15 Eylül 2011 Perşembe

yüksekova atölyesi günlüğü

Susan Sontag'tan ödünç alırsam ben de, 'Fotograf, agıtlı bir sanattır. Bir bakıma alacakaranlık sanatı.' der. yaşadığımız devrin nostaljik bir devir olduğu üstüne. nostaljiyi besler de aynı zamanda. öyle ya da böyle. nostaljik olanın yol göstericiliği ve bize hatırlattıkları itibariyle doğru. bbu ağıt neye, kime ve hangi zamana yakıldığı pekala çok önemlidir. kimisi için hoş bir anı olarak kalan kişisel ve ona ait bütün duygusal yığının kendisi de olabilir, doğal olarak.
görsel hafızanın güçlenmesini fotografa borçluyuz. öyle ya da böyle elindeki cep telefonuyla da olsa görüntü kaydetme dürtüsünün herkesçeleşmesi hatta sıradanlaşması dolayısıyla çok önemlidir. nitekim çok uzaklarda fotografla yakılan ağıtlar herkesleşiyor. yakınkaşmak için anlamak ve yeniden bakmak için bize güç veriyor.
üç aydan fazla bir süredir 5 farklı atölyede küçük hikayeler ile agıtlar yaktık. hatırlamak ve hatırlamak için. bu süre yetmedi aslında. bir biçimde sürdürülmeli diyorum yine de.
yüksekova'da bugün de agıtlar yakıldı. ölülerine yas tutan ölü bir şehirdi yine. hep yas tutması gerekiyor muydu? insanlar kaç kes ölür? ölmek bu kadar yakın mı bize? çok yakın ve sıradan.
faniliğin ağıdı fotograflarımızla yakında burada bir sergi açar mıyız acaba?

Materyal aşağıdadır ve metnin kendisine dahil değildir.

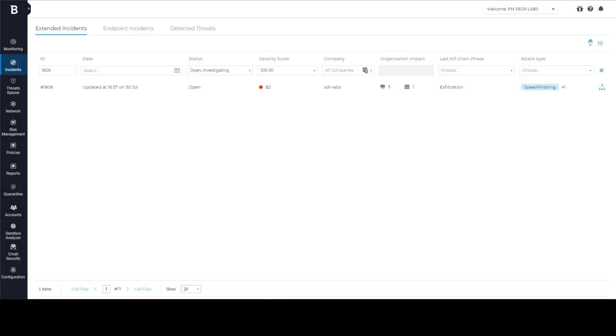Bitdefender Gravity Zone platform is using one centralized console and one agent to provide multiple layers of security. With Extended EDR, we added a new tab called Extended Incidents.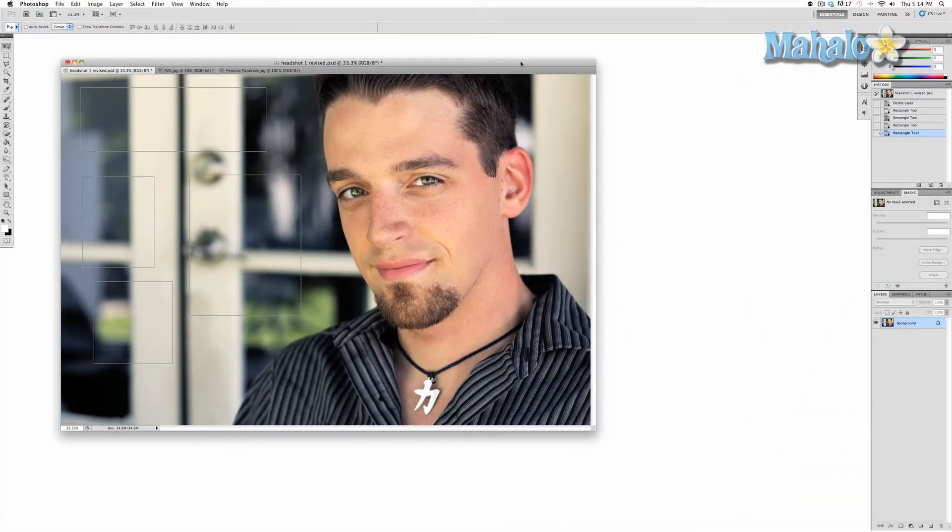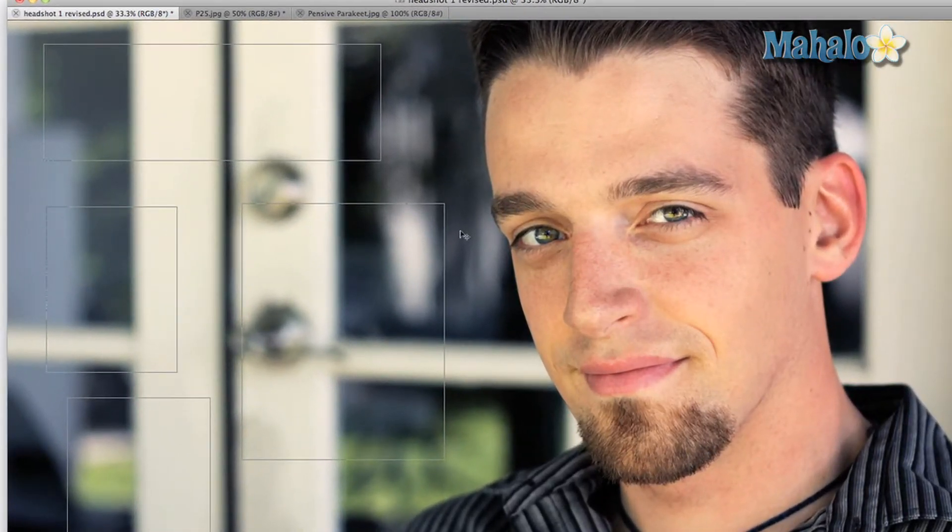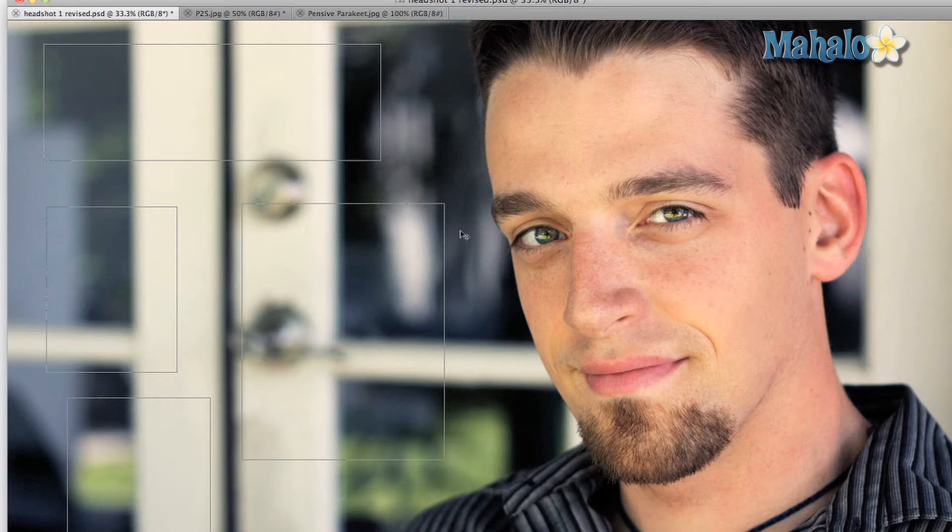The direct selection tool is a handy little support tool that allows you to manipulate paths. A path selection is something you created either with the pen tool or the shape tool that can allow you to create new layers or masks that allow for fully controllable selections.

son olarak, yüksekova'daki atölyede denildi ki; 'Fotograf akıp giden zamana bir isyandır.'
bu sondur artık. taki sergilerimizi yapabildiğimiz zamanda dek.
bugün herşeyi istanbul' yollayacakken her yer kapalı aslında onu yazmak istemiştim. elim değmişken yazayım dedim işte.